I’m back home and mostly recovered from my whirlwind 7-day, 2-city tour. In case you’re wondering, I did do some knitting — although shockingly little. In the air between Phoenix and Indianapolis, I knitted a hat. (Ok, 7/8 of a hat.) Rebekka Seale had sent me some of her gorgeous handspun alpaca and this adorable baby hat pattern. After knitting a good chunk of the seed stitch for the hat, I didn’t feel like it was the best showcase for the black and white marl. So before I left, I downloaded the Caldwell Garter Cap pattern instead, which is plain enough to let the yarn shine. Because bulky 100% alpaca is heavy, I cut down on the number of crown rows to make a shorter hat, but I wish I’d also gone down a needle size. In any case, it’s lovely — and how great does it look on Rebekka, who I had the pleasure of meeting while in Nashville.
I picked up the yarn for Bob’s Fort upon my arrival in Indianapolis, and despite spending three late nights surrounded by knitters, I only managed to cast on one sleeve and knit a few rounds of ribbing. But between a pleasant evening knitting outdoors with Nashville friends and the flight from Nashville to Las Vegas, I finally started making some progress on a sleeve. Unfortunately, I made it a little too small so I’m sizing up the second one and making sure it’s right before redoing the first. I was brain-dead enough to welcome the stockinette on the return trip, but I have to say, the increases and that rib detail running up the inside of the sleeve are just enough to keep it from being too monotonous. (Don’t forget to keep an eye on the #knittingforhimalong tag in Instagram — projects are just getting started.)
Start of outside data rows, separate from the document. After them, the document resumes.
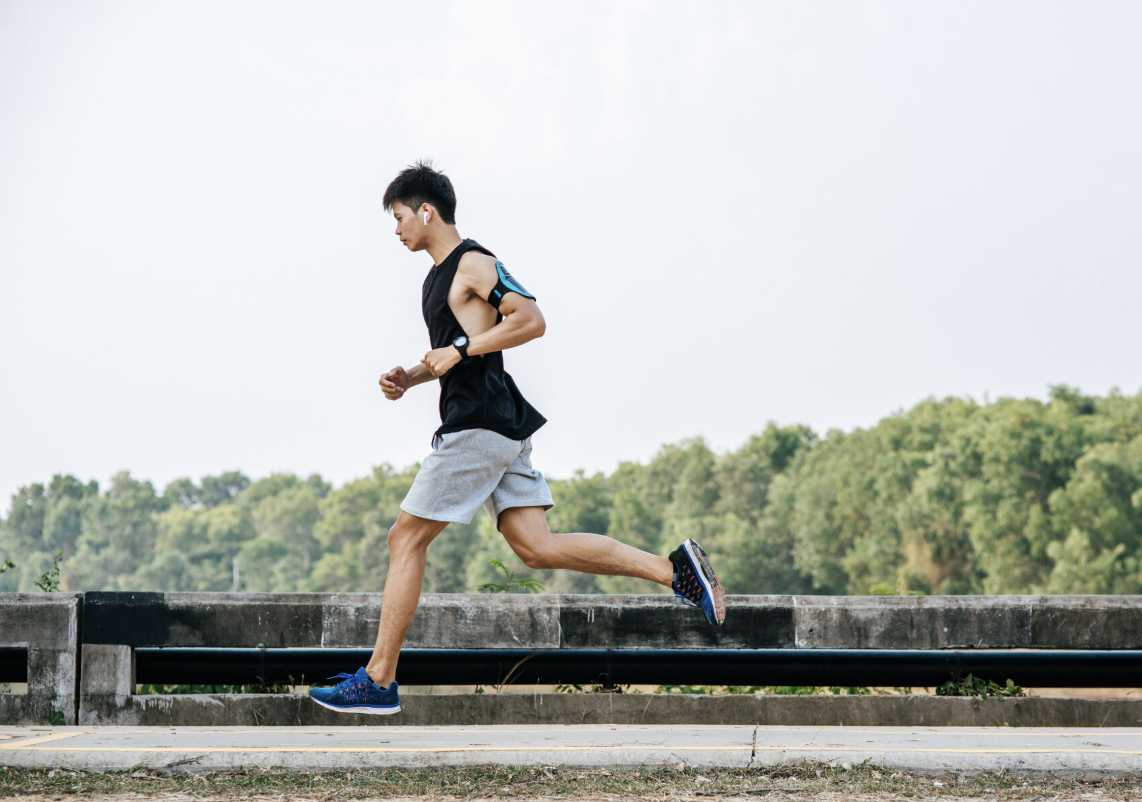 Stop Sebelum Kolaps! Ini Tanda Tubuh ‘Over Limit’ saat Lari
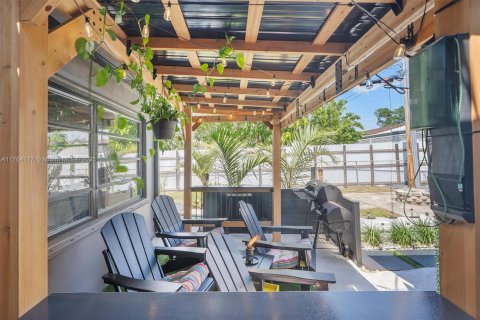 Casa en venta en North Miami Beach, Florida, 3 dormitorios, 118.82 m2 № 1740045 - foto 26
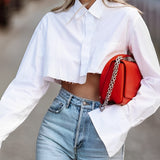 Geknipte Damesblouse met Raw Cut – Modern, Urban & Statementsterk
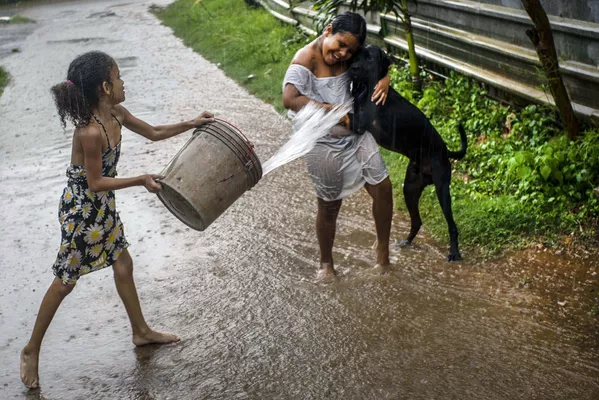 雨が降る中、水遊びをする子どもたち(キューバ、ハバナ) 雨が降る中、水遊びをする子どもたち(キューバ、ハバナ) - Sputnik 日本
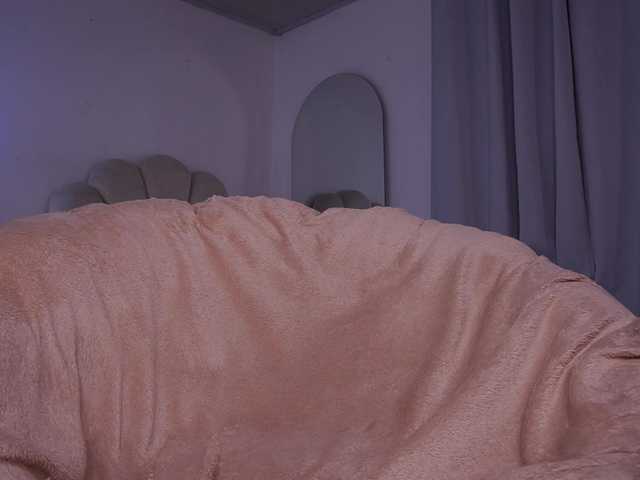 alondrasparrow live cam on BongaCams
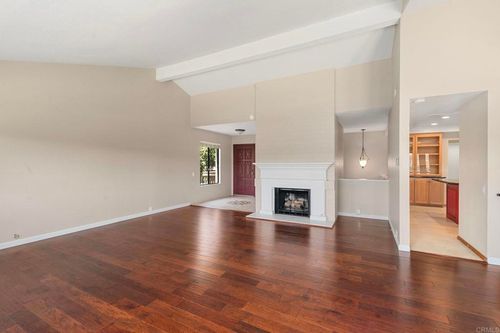 5983 Gaines St, San Diego, CA, 92110-1441 | Card Image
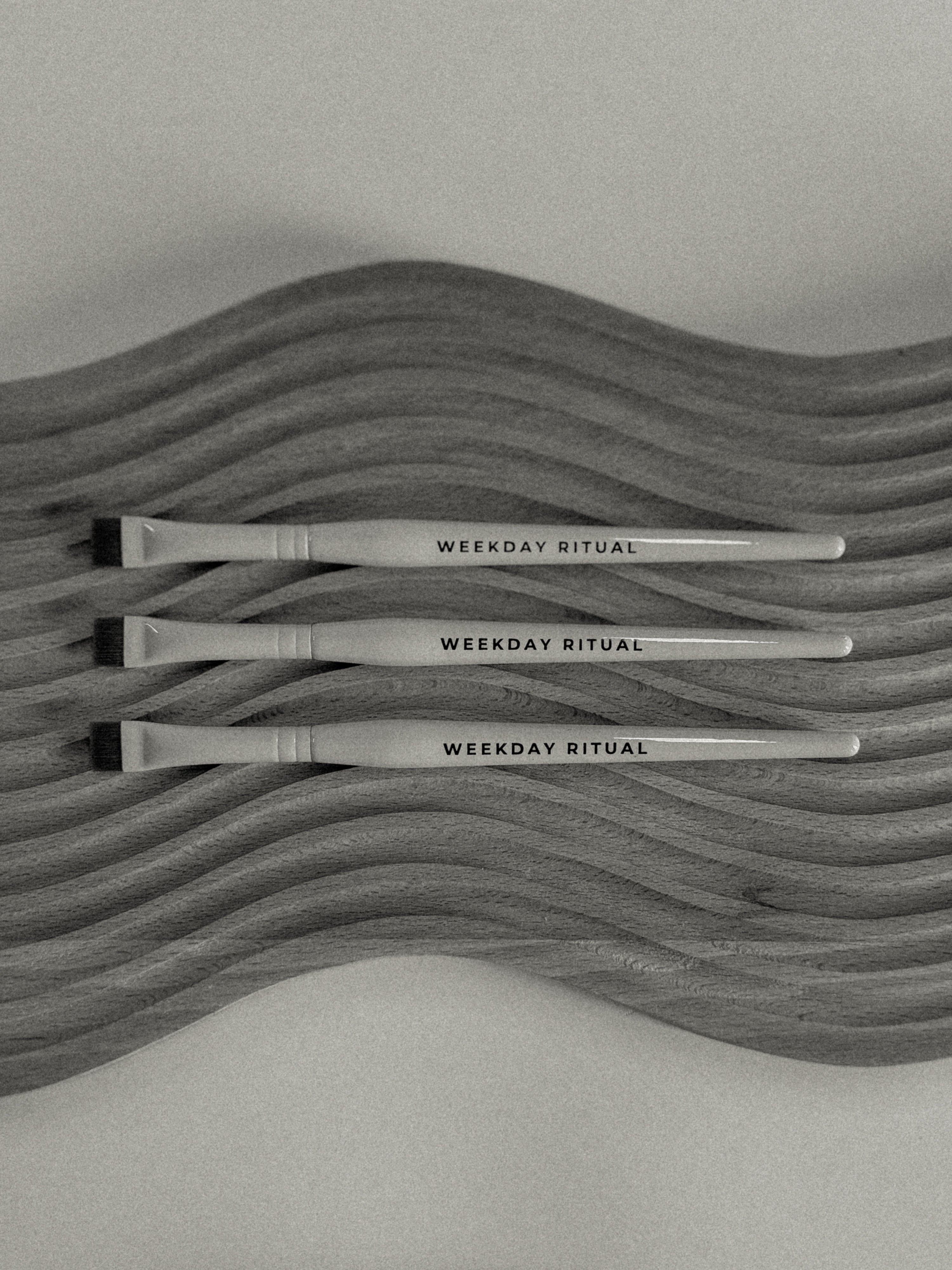 No. 02 The Carve | Flat Concealer Brow Brush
Of course, a little bit of yarn also followed me home from Indianapolis. It was a yarn trade show, after all. There’s a little retail event on the first night of the show, where I bought the two skeins of Cestari cotton-wool sock yarn (for $5!) and the denim-blue skein of Swans Island’s new American-made rambouillet-alpaca. Then during the course of the show, I was given the hot pinky bulky from Made in America Yarns; the two skeins of chunky, undyed, Italian-spun, Tibetan yak down from mYak (the most delicious shade of brown nature ever thought up); and the new Knightsbridge from The Fibre Company in a sagey brown-grey. I don’t know if you’ve seen any of the previews of the pattern collection Kelbourne did for this yarn — releasing in a couple of weeks (and you’ll definitely be hearing about it here) — but it is magnificent, and the yarn itself came as such a surprise to me. It’s baby llama, merino and silk, and feels so marshmallowy soft in the skein I would never have believed it would offer any kind of stitch definition. But the patterns are all manner of textured and cabled goodness, and the yarn pulls it off magnificently. I can’t wait to knit with it, and the same goes for that yak.